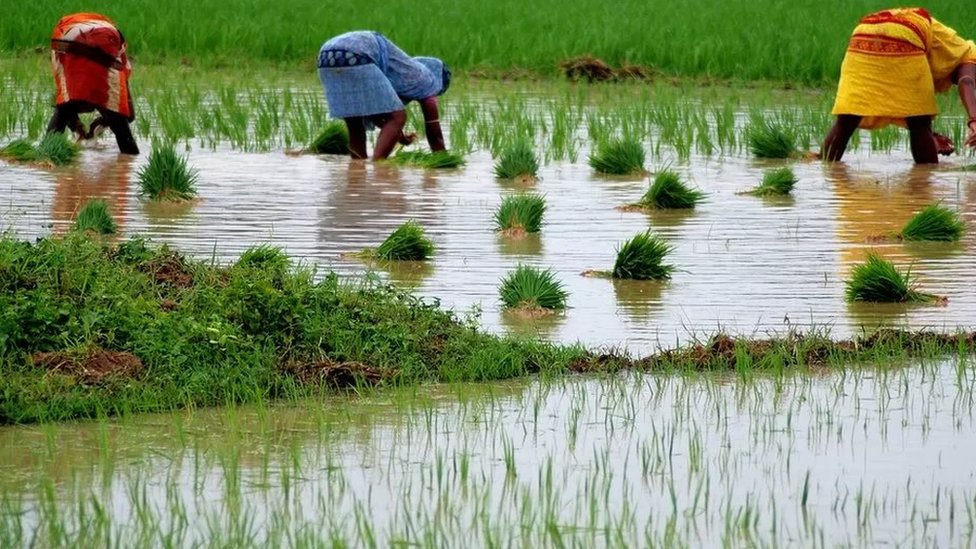விவசாய நிலம் 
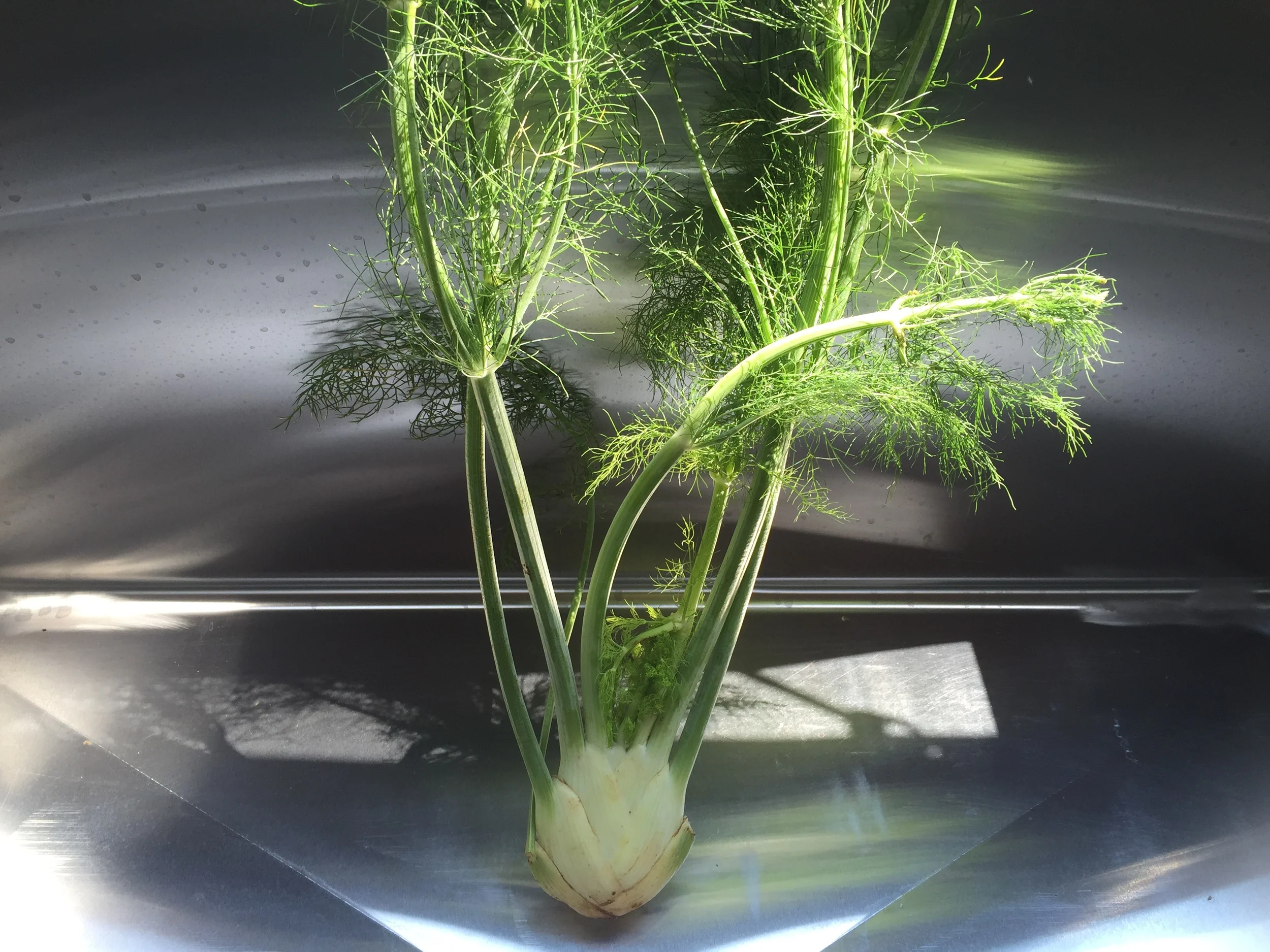 Futuristic Fennel
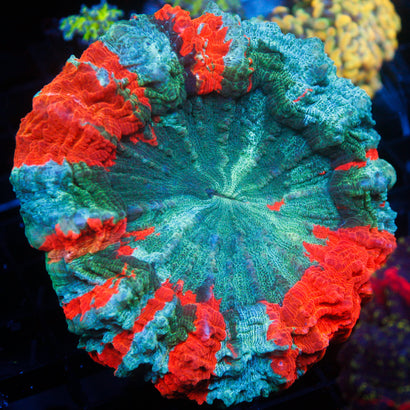 JC Ultra Acanthophyllia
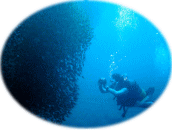 �c�Ӄc�A�[�̈�R�}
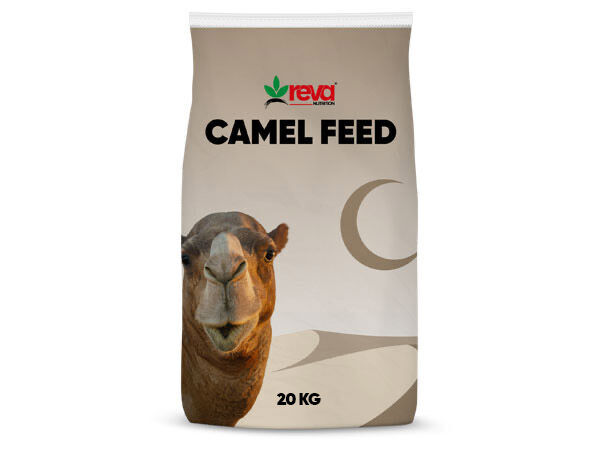 Alimentación de camellos
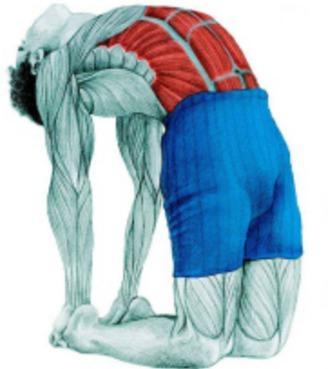 10 упражнений на растяжку: как тянутся мышцы спины и живота на самом деле. Изображение номер 6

* **TASK REQUIREMENTS**: Word for word, repeat all the data, but not its images.

* **TASK OUTPUT**:
விவசாய நிலம் 
 Futuristic Fennel
 JC Ultra Acanthophyllia
 �c�Ӄc�A�[�̈�R�}
 Alimentación de camellos
 10 упражнений на растяжку: как тянутся мышцы спины и живота на самом деле. Изображение номер 6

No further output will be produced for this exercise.